Synthesizing the preferred inputs for neurons in neural networks via deep generator networks
This paper introduces DGN-AM: Deep Generator Network for Activation Maximization.
Training process
The training process involves 4 convolutional networks:
- \(E\), a fixed encoder network (the network being visualized)
- \(G\), a generator network that should be able to recover the original image from the output of \(E\)
- \(C\), a fixed “comparator” network
- \(D\), a discriminator
\(G\) is trained to invert a feature representation extracted by \(E\), and has to satisfy 3 objectives:
- For a feature vector \(y = E(x)\), the sythesized image \(G(y)\) has to be close to the original image \(x\)
- The features of the sythesized image \(C(G(y))\) have to be close to those of the real image \(C(x)\)
- \(D\) should be unable to distinguish \(G(y)\) from real images (like a GAN)
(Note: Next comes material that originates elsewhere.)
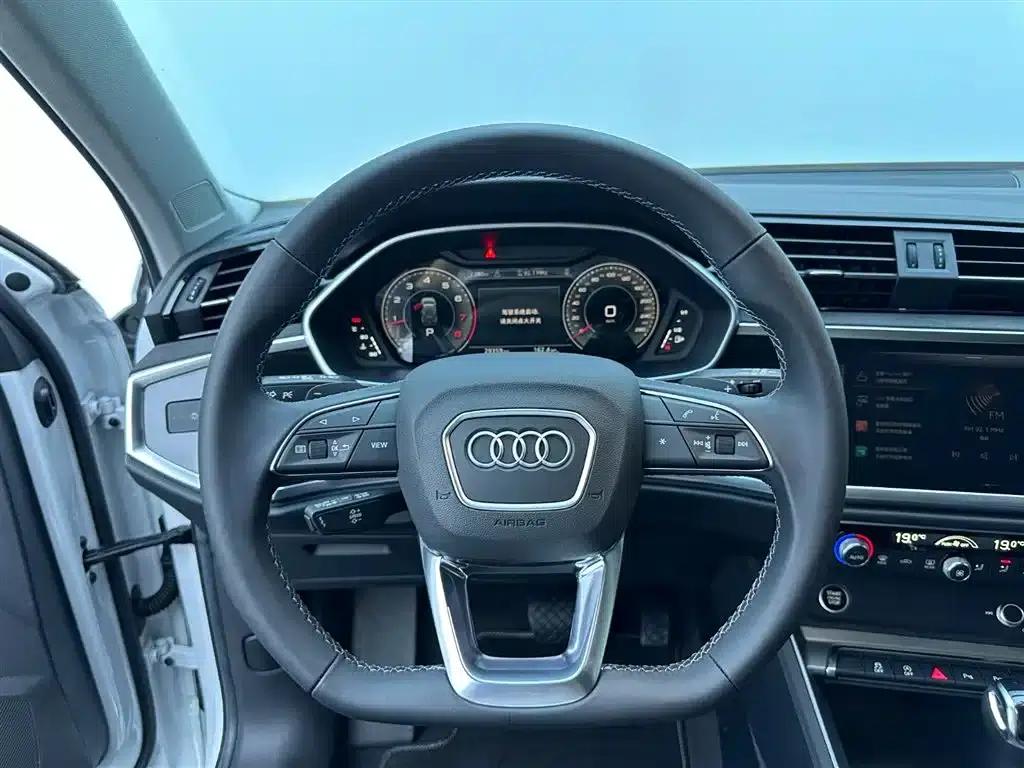 Audi Q3 2022 35 TFSI Fashion Dynamic Edition — миниатюра 9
Architectures of the networks:
- \(E\) is CaffeNet (pretty much AlexNet) truncated at a certain layer
- \(C\) is CaffeNet up to layer
pool5
(the last pooling layer before the first FC) - \(D\) is a convolutional network with 5 conv + 2 FC
- \(G\) is an “upconvolutional” architecture with 9 upconv + 3 FC
Choice of layer for representation
The best layer was determined empirically to be fc6
.
Comparison with previous work
Applications
- Generate images that maximally activate a class neuron
- Generate images that maximally activate a hidden neuron
- Watch how features evolve during training
- “Produce creative, original art by synthesizing images that activate two neurons at the same time.” (See images in section S8.)